Book review – The Pale Criminal

I recently read the first of Philip Kerr’s Bernie Gunther novels, March Violets.  I enjoyed it enough (see my review) to jump into the second of the so-called Berlin Trilogy, The Pale Criminal (1990).

March Violets saw us in the 1936 Berlin.  This installment finds us in the same territory but in 1938.  Things have moved on.  The persecution of Jews has become far more commonplace, the annexation of parts of the former Czechoslovakia is in the offing under the Munich Agreement (or ‘Munich Betrayal’), and Bernie Gunther has a new partner and another crime to solve.

A spate of murders of young German girls, and the Berlin police’s inability to find the perpetrator, results in Bernie Gunther being press-ganged into rejoining the constabulary by none other than Reinhard Heydrich.  Heydrich is concerned about a general panic and any perception that he may not be able to keep order.  He therefore wants Germany’s finest detective on the case.  Gunther has to firstly finish off a current case involving the blackmail of a publishing magnate, who’s received letters which reveal her son is homosexual – something that will find you in a concentration camp in Nazi Germany.  Having cleared his desk, Gunther can get on with his new role as Kriminalkommissar.

The murders of young fair-haired and blue-eyed girls have a ritualistic element and, to make matters worse, a sensationalist newspaper has tried to link this ritual to Jews.  Gunther isn’t so sure and suspects foul play, not least as the prime (Jewish) suspect was incarcerated while another murder was committed.

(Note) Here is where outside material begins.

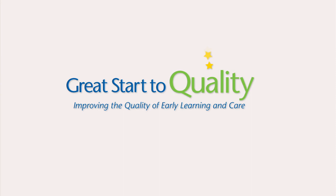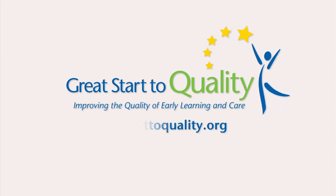Great Start to Quality is Michigan's rating and improvement system for child care and preschool programs. Learn more about Shooting for the Stars at GreatStartToQuality.org.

While The Pale Criminal has its fair share of twists and turns, it doesn’t quite have the wonderfully noirish feel of March Violets.  The plot is fairly comprehensible for one!  Pale Criminal feels more like a traditional thriller albeit set against the backdrop of 1930’s Berlin.  Don’t get me wrong, I really enjoyed the book and raced through it in no time at all: it’s well written, has great characters, and the link between the main plot and the nefarious machinations of Nazi party officials is deftly served up, setting this apart from your standard thriller.  I’m hoping however that the third book in the trilogy, A German Requiem, sees the return of the noirish streak.  I’ll let you know.